■ Brief ■
Output, without alteration, the first line of the entries and each line after it, stopping with the line that contains "Table de Buffet".

■ Data section ■
- Opening Delimiter -

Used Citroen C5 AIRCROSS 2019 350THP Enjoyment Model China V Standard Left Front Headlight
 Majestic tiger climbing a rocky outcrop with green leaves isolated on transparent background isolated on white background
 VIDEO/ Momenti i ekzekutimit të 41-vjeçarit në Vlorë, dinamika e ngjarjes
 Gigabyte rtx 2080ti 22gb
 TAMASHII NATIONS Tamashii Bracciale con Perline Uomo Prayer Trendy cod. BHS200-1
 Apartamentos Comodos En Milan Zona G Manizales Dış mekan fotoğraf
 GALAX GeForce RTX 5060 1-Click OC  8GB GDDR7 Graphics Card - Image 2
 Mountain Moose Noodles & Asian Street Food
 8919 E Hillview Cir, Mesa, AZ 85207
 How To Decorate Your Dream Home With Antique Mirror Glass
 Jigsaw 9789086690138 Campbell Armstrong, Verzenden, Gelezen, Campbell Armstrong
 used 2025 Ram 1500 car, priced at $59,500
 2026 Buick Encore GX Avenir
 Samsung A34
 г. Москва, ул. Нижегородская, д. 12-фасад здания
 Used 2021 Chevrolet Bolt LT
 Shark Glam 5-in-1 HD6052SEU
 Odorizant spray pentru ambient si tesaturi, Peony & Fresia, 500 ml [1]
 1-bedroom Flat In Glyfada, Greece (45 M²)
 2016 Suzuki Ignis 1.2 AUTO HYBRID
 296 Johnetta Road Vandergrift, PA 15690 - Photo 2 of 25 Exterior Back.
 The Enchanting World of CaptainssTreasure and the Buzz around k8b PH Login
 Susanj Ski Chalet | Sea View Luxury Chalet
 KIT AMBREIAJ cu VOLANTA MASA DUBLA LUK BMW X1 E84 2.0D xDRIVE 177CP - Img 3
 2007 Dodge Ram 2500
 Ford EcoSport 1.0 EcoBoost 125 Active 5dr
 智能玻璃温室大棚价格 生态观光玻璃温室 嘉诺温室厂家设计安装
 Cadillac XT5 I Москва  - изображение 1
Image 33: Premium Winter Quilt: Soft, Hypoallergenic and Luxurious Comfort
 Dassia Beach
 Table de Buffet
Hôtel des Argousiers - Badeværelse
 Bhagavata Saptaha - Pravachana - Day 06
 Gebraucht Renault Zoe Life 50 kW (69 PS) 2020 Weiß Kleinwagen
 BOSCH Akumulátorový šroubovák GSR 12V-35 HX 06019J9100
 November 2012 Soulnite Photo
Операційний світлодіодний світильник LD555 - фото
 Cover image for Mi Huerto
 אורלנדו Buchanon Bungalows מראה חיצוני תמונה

- Closing Delimiter -

■ Response to this task ■
Used Citroen C5 AIRCROSS 2019 350THP Enjoyment Model China V Standard Left Front Headlight
 Majestic tiger climbing a rocky outcrop with green leaves isolated on transparent background isolated on white background
 VIDEO/ Momenti i ekzekutimit të 41-vjeçarit në Vlorë, dinamika e ngjarjes
 Gigabyte rtx 2080ti 22gb
 TAMASHII NATIONS Tamashii Bracciale con Perline Uomo Prayer Trendy cod. BHS200-1
 Apartamentos Comodos En Milan Zona G Manizales Dış mekan fotoğraf
 GALAX GeForce RTX 5060 1-Click OC  8GB GDDR7 Graphics Card - Image 2
 Mountain Moose Noodles & Asian Street Food
 8919 E Hillview Cir, Mesa, AZ 85207
 How To Decorate Your Dream Home With Antique Mirror Glass
 Jigsaw 9789086690138 Campbell Armstrong, Verzenden, Gelezen, Campbell Armstrong
 used 2025 Ram 1500 car, priced at $59,500
 2026 Buick Encore GX Avenir
 Samsung A34
 г. Москва, ул. Нижегородская, д. 12-фасад здания
 Used 2021 Chevrolet Bolt LT
 Shark Glam 5-in-1 HD6052SEU
 Odorizant spray pentru ambient si tesaturi, Peony & Fresia, 500 ml [1]
 1-bedroom Flat In Glyfada, Greece (45 M²)
 2016 Suzuki Ignis 1.2 AUTO HYBRID
 296 Johnetta Road Vandergrift, PA 15690 - Photo 2 of 25 Exterior Back.
 The Enchanting World of CaptainssTreasure and the Buzz around k8b PH Login
 Susanj Ski Chalet | Sea View Luxury Chalet
 KIT AMBREIAJ cu VOLANTA MASA DUBLA LUK BMW X1 E84 2.0D xDRIVE 177CP - Img 3
 2007 Dodge Ram 2500
 Ford EcoSport 1.0 EcoBoost 125 Active 5dr
 智能玻璃温室大棚价格 生态观光玻璃温室 嘉诺温室厂家设计安装
 Cadillac XT5 I Москва  - изображение 1
Image 33: Premium Winter Quilt: Soft, Hypoallergenic and Luxurious Comfort
 Dassia Beach
 Table de Buffet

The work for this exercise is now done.